Citizen-Kane 11.12.2010
4.
Zitat von sysopDie Enthüllungen von WikiLeaks zeigen wie z.T. unzureichend die Öffentlichkeit von den Regierungen informiert wird. Wieviel Geheimnisse darf der Staat haben und fällt es noch unter Meinungsfreiheit, wenn diese veröffentlicht werden?
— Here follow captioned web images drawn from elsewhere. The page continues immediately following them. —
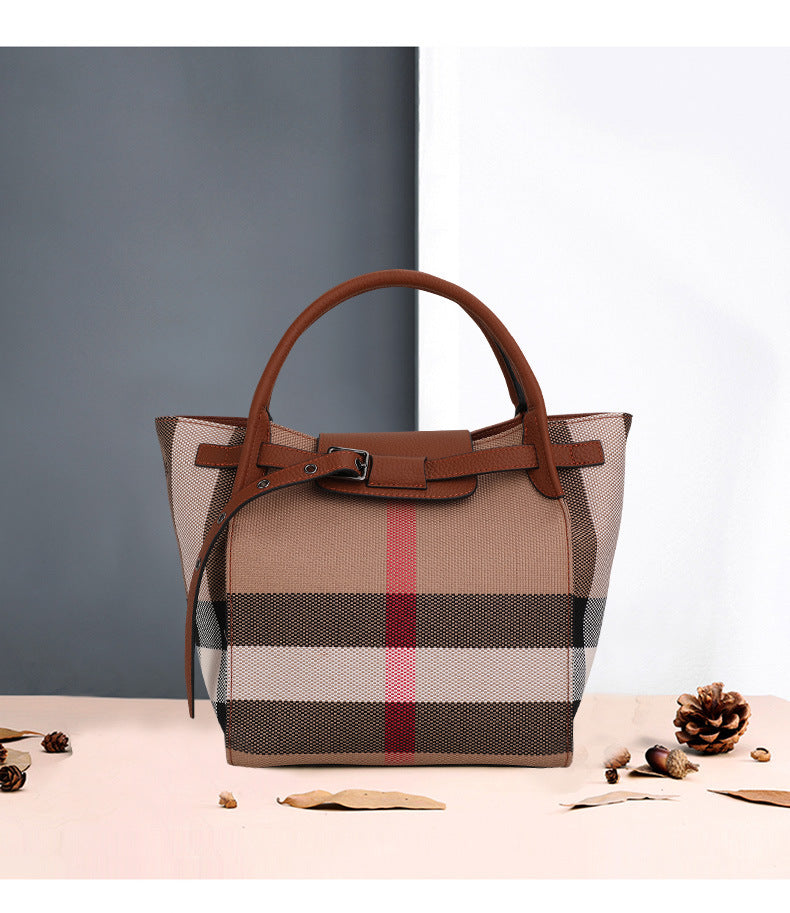 Fashion Casual Genuine Leather Big Bag Ladies Trend Handbag Shoulder Bag Plaid Handbag. Bag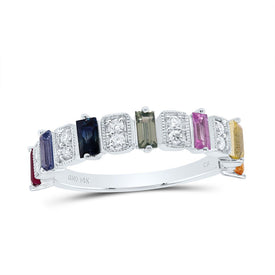 14K White Gold Diamond Bag Gemstone Multi Colour Sapphire Ring 1/6 Cttw - Splendid Jewellery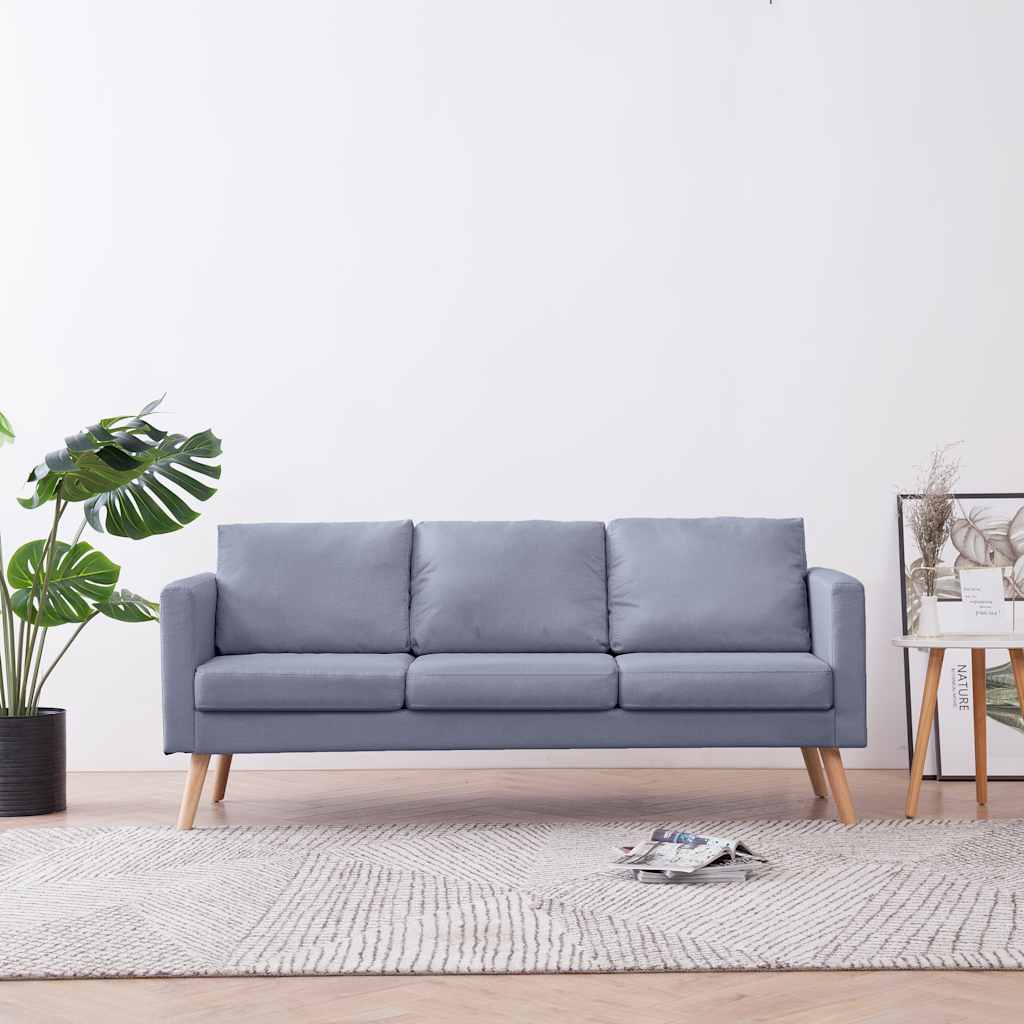 vidaXL Sofa 3-Sitzer Stoff Hellgrau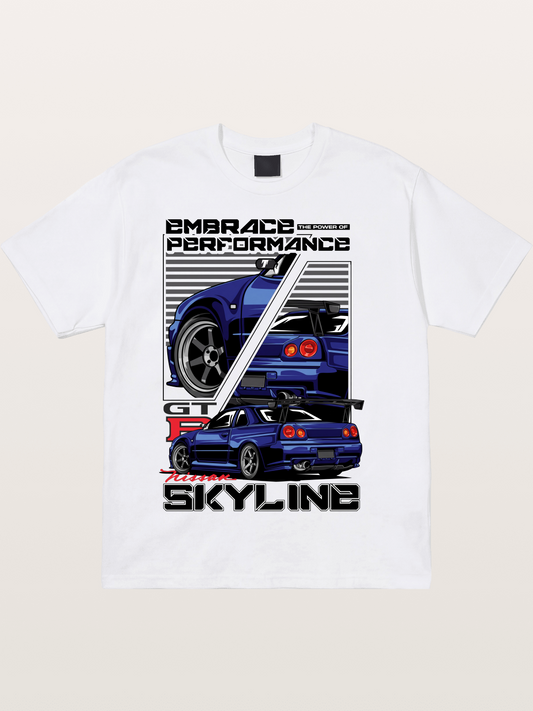 Nissan Skyline GT-R R34 Split View Cotton T-shirt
Jetzt reicht es langsam! Eine Frage vorweg, ist das eigentlich beabsichtigt, dass die WikiLeaks Affäre durch die immer neuen Blocks zu diesem Thema zerfasert wird? Der ganze Themenkomplex wurde in den einzelnen Bereichen jetzt schon durch tausendfache Beiträge beleuchtet und egal wie die Fragestellung vorher ausgefallen ist, der Kern des Problems lies sich letztendlich nicht leugnen. Wie wäre es den mal mit folgender Fragestellung. "Frontalangriff auf die Freiheit, was kann, was sollte man tun?" Einen schönen Tag noch.
maxmart 11.12.2010
5. bedenklich ...
... findet konrad lischka in seinem kommentar "der stärkere legt nach" das verhalten der angegriffenen angreifer. sie mögen sich doch bitte an die schönen demokratischen tugenden halten und edel aber nutzlos ihre meinung kundtun. wo leben sie, herr lischka? in der welt, die ich lese, behängen sich die politiker pittoresk gegenseitig mit verdienstkreuzen, während mutti den bundeskanzler gibt. derweil betrügt die globalisierte finanzindustrie - endlich aller moral befreit - die menschen um ihr geld, die unternehmer um ihre unternehmen und die staaten um ihre autonomie. kriege sind projekte zur steigerung von produktivität und wirtschaftlicher effizienz. wann entwickelt SAP endlich eine standardlösung zur elimination prozesshemmender weltbestandteile, wahlweise militärisch oder finanziell? für die logistik von gerät, waffen und munition gibt es das ja bereits. herr lischka, in welcher welt leben sie? glauben sie ernsthaft, dass in den banken ihr geld persönlich entgegen genommen, in den keller getragen und sorgfältig behütet wird, bis sie ihre scheine wieder abholen? bei solchem verhalten wären ihre vorschläge zutiefst angemessen. ansonsten entsprechen die re-aktionen doch genau den aktionen. und warum kritisieren sie die nicht? george grosz hätte wieder viel zu malen.